As many as 22 million borrowers will need to resume making payments of close to $275 a month, a separate study by the company found. 

Assuming that total household income does not change by the end of the pause, and the percentage of total income needed to pay rent also stays unchanged, “the monthly reductions from resuming student loan payments will slash any financial buffers,” Moody’s said, “forcing households to cut back on discretionary spending or face difficult housing decisions such as trading down” to cheaper and older rental housing or even living with family and friends to avoid becoming homeless.

“On average, a median-income household spends about 30% on renting an average-priced apartment unit in the United States,” Moody’s noted. “For places where large rent disparities exist between Class A and Class B/C units, taking $275 out of the monthly budget may force families on the margin to trade down in order to restore the lost wages now allocated for student loan payments.”

Classes A, B and C are categories in which homes are organized based on when they were built. Class A refers to homes built recently, are well maintained, and are occupied by high-income earners. Class C refers to homes that are typically older than 30 years old, don’t have the best amenities, and are occupied by middle- to lower-income families, or senior citizens.

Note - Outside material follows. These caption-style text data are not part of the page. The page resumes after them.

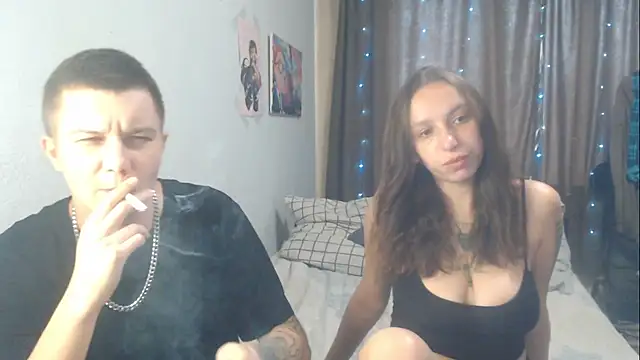 Snapshot of Mark_and_Wendy chatting on July 2026 10:52:01 AM Mark and Wendy online show from July 2026 10:52:01 AM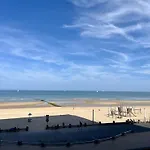 Panoramic Seaview Apartment With Free Private Garage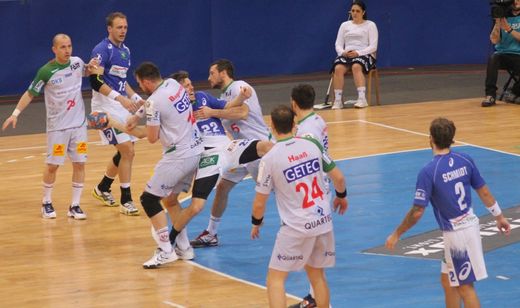 Angriff HSV Handball mit Kentin Mahe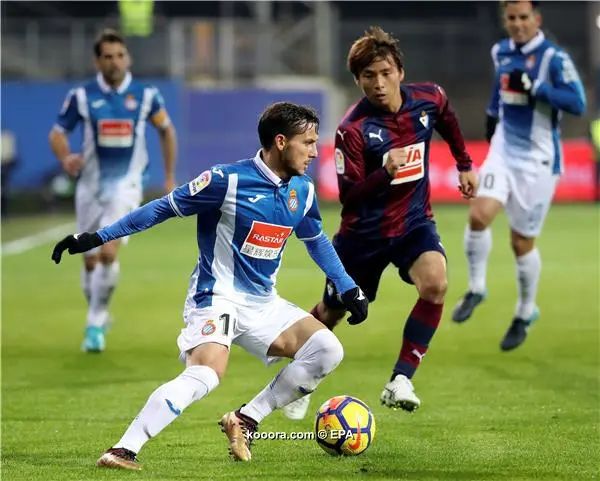 ?i=epa%2fsoccer%2f2017-12%2f2017-12-03%2f2017-12-03-06365544_epa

Going down a class would save renters around $610 in rent, Moody’s calculated. Assuming that the median monthly income across the U.S. is $6,017 for the population aged 25 to 44, going from living in a Class A unit to Class B or C would net a surplus of $335, which could offset paying their student loan debt payments. 

Looking at local rental real-estate markets, Moody’s found that going down a class had an outsized impact on renters’ wallets in several cities. Going from a brand-new building packed with amenities to an older apartment building could save renters over $600 in rent in some parts of the U.S.

The metros with the highest share of population between the ages of 25 and 44 were Suburban Virginia, Denver, San Francisco, Washington D.C., and Northern New Jersey.

For renters in Suburban Virginia, who have a median income of $9,919, trading down from a Class A rental to a Class B or a C would give them a surplus of about $417, having saved about $700 on their rent.

In San Francisco, where the median income is $10,935, trading down would yield a surplus of around $1,276, having saved about $1,550 on rent.